The docuseries begins with the singer's early life and his own experiences of childhood sexual assault by a family member, then—through survivor interviews, expert testimonies, and archival footage—paints a portrait of a serial predator over his long music career, one that many people have chosen time and again not to see. But the disturbing and heartbreaking nature of the survivors' stories is impossible to ignore.
Investigators have been reaching out to several survivors featured in the project, TMZ reports, including Asante McGee, who is one of the women who allegedly escaped the singer's home. Investigators have also been asking for contact information from any others who have lived in Kelly's former Atlanta home or have any direct knowledge of what is happening in that home. They were reportedly flooded with calls after the docuseries aired.
This is far from the first effort to cancel Kelly, but it might be the one that really works, seeing as he's continued to enjoy his career thus far despite the many accounts of his alleged abuse. According to The Cut, investigative journalist Jim DeRogatis broke the first major story about Kelly's teenage victims in 2000, and he's continued to write a number of pieces including the 2017 BuzzFeed story, which publicized allegations that Kelly entraps and sexually abuses young women in his home.
There have been accounts published in Rolling Stone, a BBC Three documentary called 'R Kelly: Sex, Girls & Videotapes,' and people (largely black women) have been boycotting the singer ever since the then-27-year-old singer married a 15-year-old Aaliyah—for which his former tour manager and assistant revealed he had forged papers in the 'Survivors' docuseries.

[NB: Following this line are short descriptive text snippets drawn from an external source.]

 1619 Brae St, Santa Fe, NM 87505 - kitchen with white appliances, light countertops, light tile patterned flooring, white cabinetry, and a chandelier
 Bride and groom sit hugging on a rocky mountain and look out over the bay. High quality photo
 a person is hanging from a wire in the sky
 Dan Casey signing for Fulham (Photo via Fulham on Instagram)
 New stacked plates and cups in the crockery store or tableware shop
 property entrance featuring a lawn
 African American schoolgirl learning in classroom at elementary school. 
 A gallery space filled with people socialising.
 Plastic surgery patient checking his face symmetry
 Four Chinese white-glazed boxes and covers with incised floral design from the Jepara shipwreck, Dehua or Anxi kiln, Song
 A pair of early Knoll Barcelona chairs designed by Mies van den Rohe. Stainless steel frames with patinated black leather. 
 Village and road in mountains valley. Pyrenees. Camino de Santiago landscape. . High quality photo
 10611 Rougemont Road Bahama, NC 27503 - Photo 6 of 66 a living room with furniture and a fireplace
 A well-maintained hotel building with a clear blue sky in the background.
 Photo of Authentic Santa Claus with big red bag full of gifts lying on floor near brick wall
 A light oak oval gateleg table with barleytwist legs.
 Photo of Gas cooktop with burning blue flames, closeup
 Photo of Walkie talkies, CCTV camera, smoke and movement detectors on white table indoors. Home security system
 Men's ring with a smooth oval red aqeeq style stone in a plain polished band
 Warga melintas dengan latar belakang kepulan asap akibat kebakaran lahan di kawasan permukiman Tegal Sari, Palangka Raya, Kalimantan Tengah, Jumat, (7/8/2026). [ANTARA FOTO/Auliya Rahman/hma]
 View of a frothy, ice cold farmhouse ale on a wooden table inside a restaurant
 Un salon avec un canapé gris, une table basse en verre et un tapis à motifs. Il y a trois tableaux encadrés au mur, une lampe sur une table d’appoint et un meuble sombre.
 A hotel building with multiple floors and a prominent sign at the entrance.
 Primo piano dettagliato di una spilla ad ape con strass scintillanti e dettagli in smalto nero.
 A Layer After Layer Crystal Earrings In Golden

In the previous absence of criminal investigation, the #MuteRKelly movement has encouraged people to stop giving him their money, and they've even succeeded in getting some of his performances in major cities cancelled. The movement rejected the way millions of people still listened to 'Ignition' after the infamous "pee tape" surfaced and the child pornography trial was underway, and they continue to reject the platform he still enjoys.
Though Kelly has made no formal comments as of yet, he released a 19-minute song called 'I admit' last July in response to the numerous allegations against him, taking aim at not only his accusers, but the feminist movement, as well as Jim DeRogatis.
While it's a small success that the investigation is finally underway, The Root magazine reports that Kelly's sales and streams have increased since the airing of the docuseries.
Since the airing of #SurvivingRKelly, R. Kelly's sales and streams have increased.— The Root (@TheRoot) January 7, 2019
People who still support R. Kelly need to realize that a black girl's life is way more important than a couple of hit songs: https://t.co/3Zyfc7h7Bl #MuteRKelly pic.twitter.com/Oer0yeiuSk
It's still horrendously clear that the general public has not treated R. Kelly in the same, swift, indisputable manner as we did Harvey Weinstein, and many think it's largely because the victims are black women. Hopefully the courage it took to create and share 'Surviving R. Kelly,' at the very least, brings light to the deep injustice of our attention.